Referrer vs Sessions Chart

This chart shows where your traffic comes from. Each bar represents a referrer—the website or source that sent visitors to your page. Taller bars mean more sessions from that source.

The horizontal axis lists referrers (Google, Facebook, Direct, other websites). The vertical axis shows total sessions from each source.

How to read the data

Tall bars indicate your strongest traffic sources. These channels send the most visitors to your content.

"Direct" traffic means visitors typed your URL directly, used a bookmark, or came from an untracked source like email links or mobile apps.

Long-tail referrers (small bars on the right) show niche sources. Individually small, but collectively they may represent significant traffic worth understanding.

Setting your filters

Four filters shape this chart:

Domain – Choose which website to analyse if you manage multiple properties.

Pages – Select a specific page to see which sources drive traffic to that page. Select "All Pages" to see overall referrer performance.

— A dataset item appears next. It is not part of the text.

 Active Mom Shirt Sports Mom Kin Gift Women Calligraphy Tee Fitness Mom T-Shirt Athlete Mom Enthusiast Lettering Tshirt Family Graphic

Date Range – Choose from 7, 30, 60, or 90 days of data.

Device – View desktop, mobile, tablet, or all devices combined. Traffic sources often vary dramatically by device.

Patterns worth investigating

Single dominant source – If one referrer accounts for most traffic, you're vulnerable. Diversify your acquisition channels.

High sessions, few pages – A referrer sends lots of traffic but only to one or two pages. Explore opportunities to capture more of that audience across your site.

Internal referrers appearing – Your own domain showing as a referrer indicates visitors navigating between pages. High numbers suggest strong internal linking or compelling content paths.

Device-specific sources – Social traffic often skews mobile. Search traffic may favour desktop. Filter by device to understand these patterns.

Direct traffic dominance – High direct traffic suggests strong brand awareness or returning visitors. It may also indicate untracked campaigns—check your UTM tagging.

Taking action

Cross-reference this data with the other Page Analysis charts. A referrer sending high traffic that doesn't convert may indicate mismatched intent—visitors expect something different from what they find.

Filter by device to spot mobile-heavy referrers. These visitors may need different content formatting or faster load times to convert effectively.